Required action:
With the pictures left out, restate exactly the part below that opens with the line containing "a view of a" and closes with the line containing "a bathroom with a sink, mirror and rug".
━━━ Exercise data ━━━
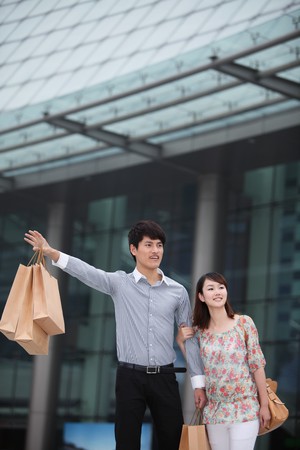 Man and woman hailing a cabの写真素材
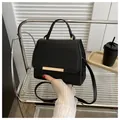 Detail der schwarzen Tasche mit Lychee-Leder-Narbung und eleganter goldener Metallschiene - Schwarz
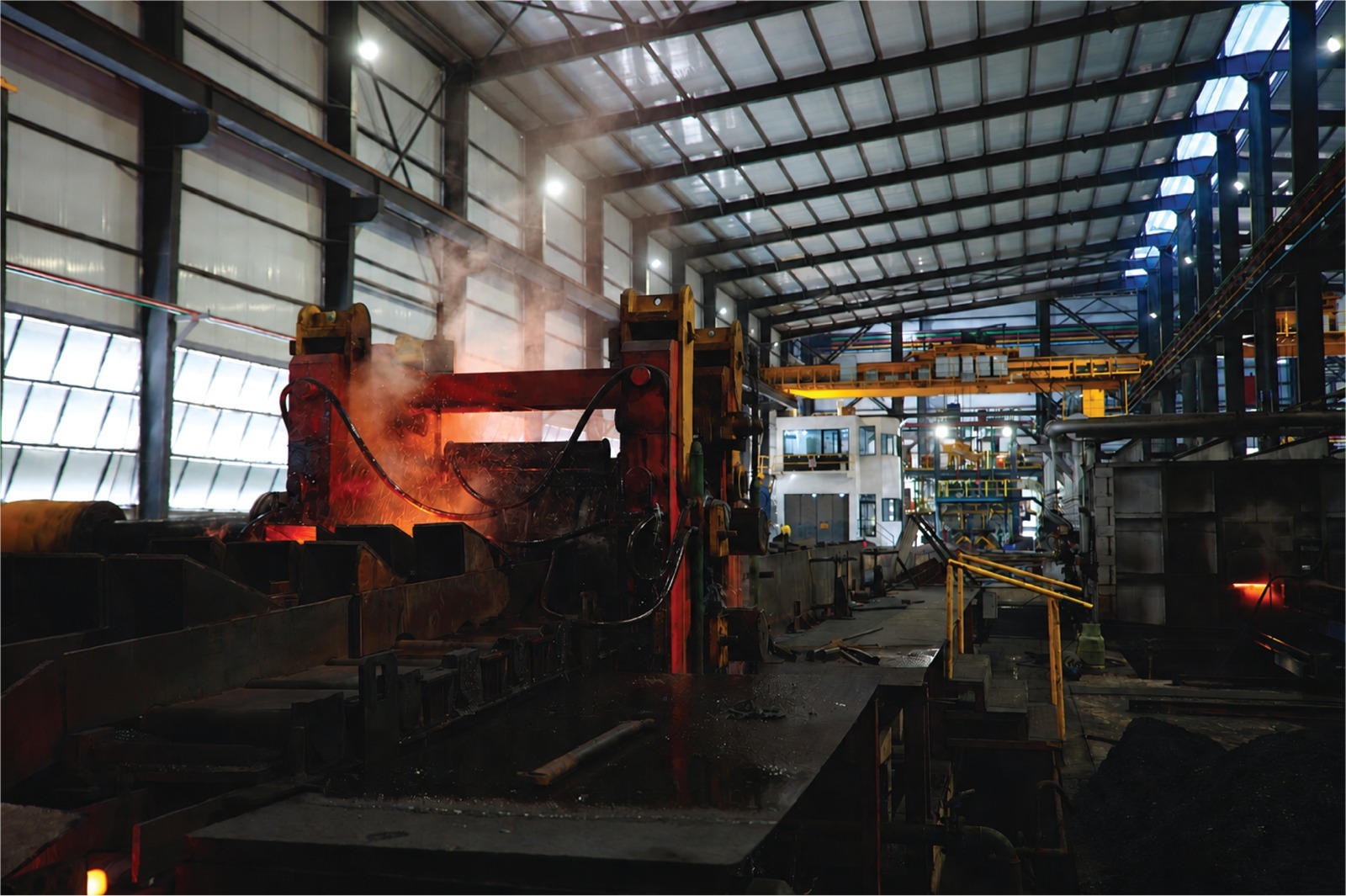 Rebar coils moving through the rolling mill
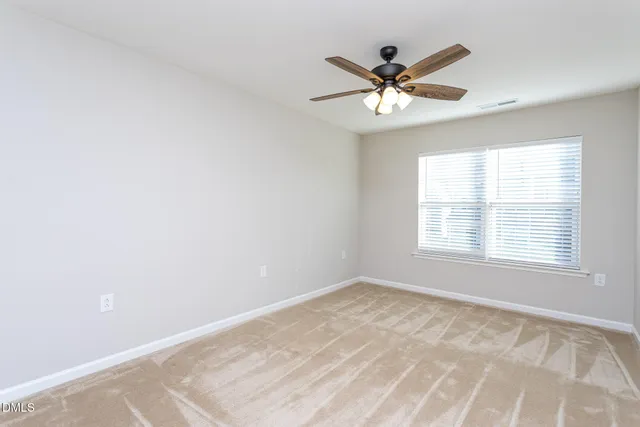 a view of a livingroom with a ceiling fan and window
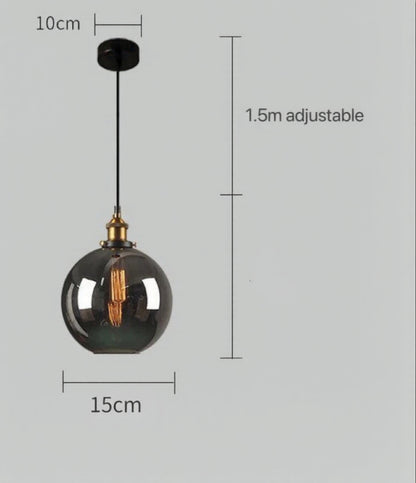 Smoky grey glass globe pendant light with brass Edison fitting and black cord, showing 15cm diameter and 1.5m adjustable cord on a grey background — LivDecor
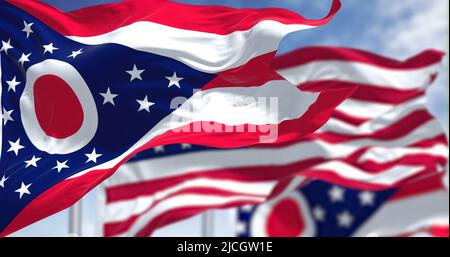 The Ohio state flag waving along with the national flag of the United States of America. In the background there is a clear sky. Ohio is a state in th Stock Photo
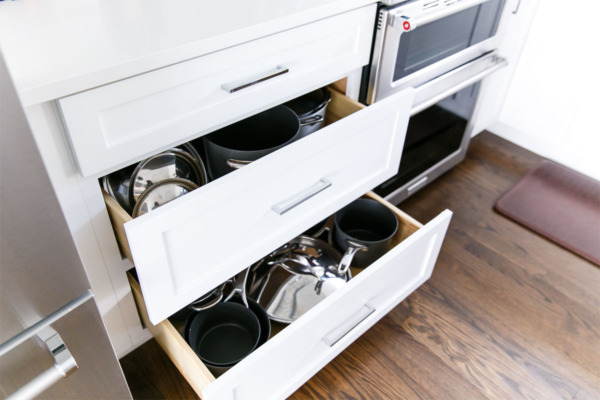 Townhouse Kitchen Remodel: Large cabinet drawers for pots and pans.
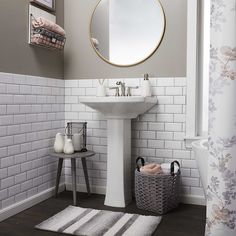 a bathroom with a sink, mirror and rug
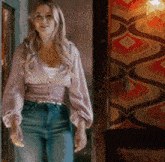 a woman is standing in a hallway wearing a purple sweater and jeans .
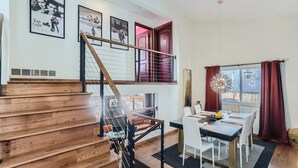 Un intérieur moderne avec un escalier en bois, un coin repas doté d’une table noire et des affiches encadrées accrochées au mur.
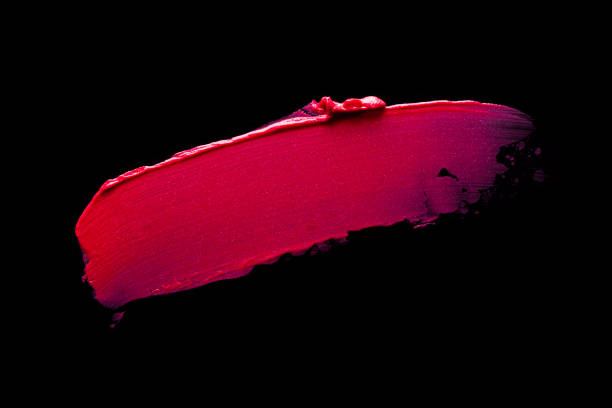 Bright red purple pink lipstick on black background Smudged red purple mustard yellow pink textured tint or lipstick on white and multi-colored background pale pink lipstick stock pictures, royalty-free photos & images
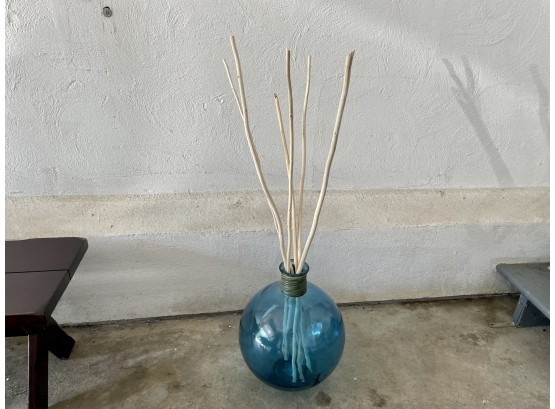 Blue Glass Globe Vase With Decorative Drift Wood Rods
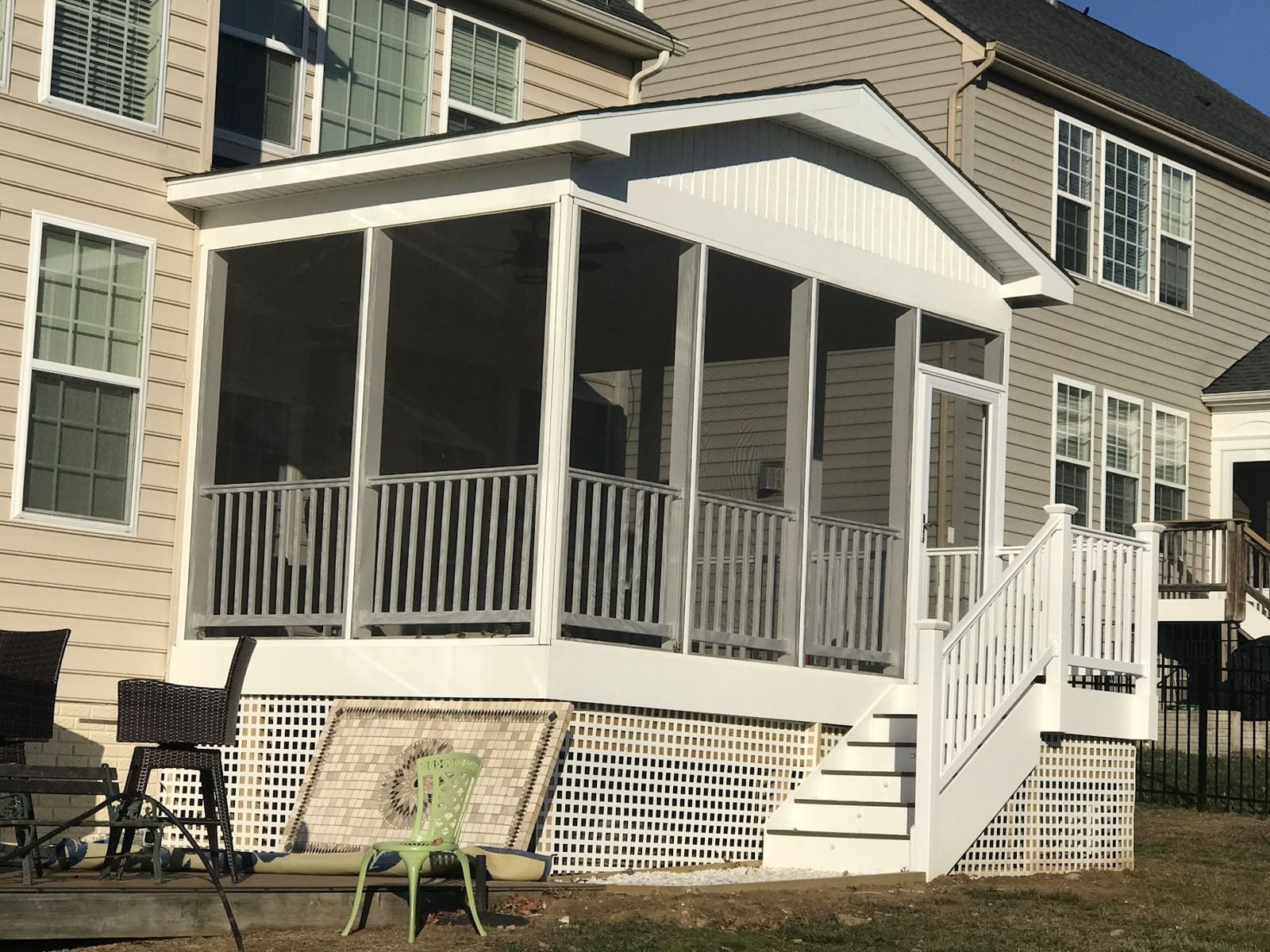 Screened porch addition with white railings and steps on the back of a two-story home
━━━
Written solution:
 a view of a livingroom with a ceiling fan and window
 Smoky grey glass globe pendant light with brass Edison fitting and black cord, showing 15cm diameter and 1.5m adjustable cord on a grey background — LivDecor
 The Ohio state flag waving along with the national flag of the United States of America. In the background there is a clear sky. Ohio is a state in th Stock Photo
 Townhouse Kitchen Remodel: Large cabinet drawers for pots and pans.
 a bathroom with a sink, mirror and rug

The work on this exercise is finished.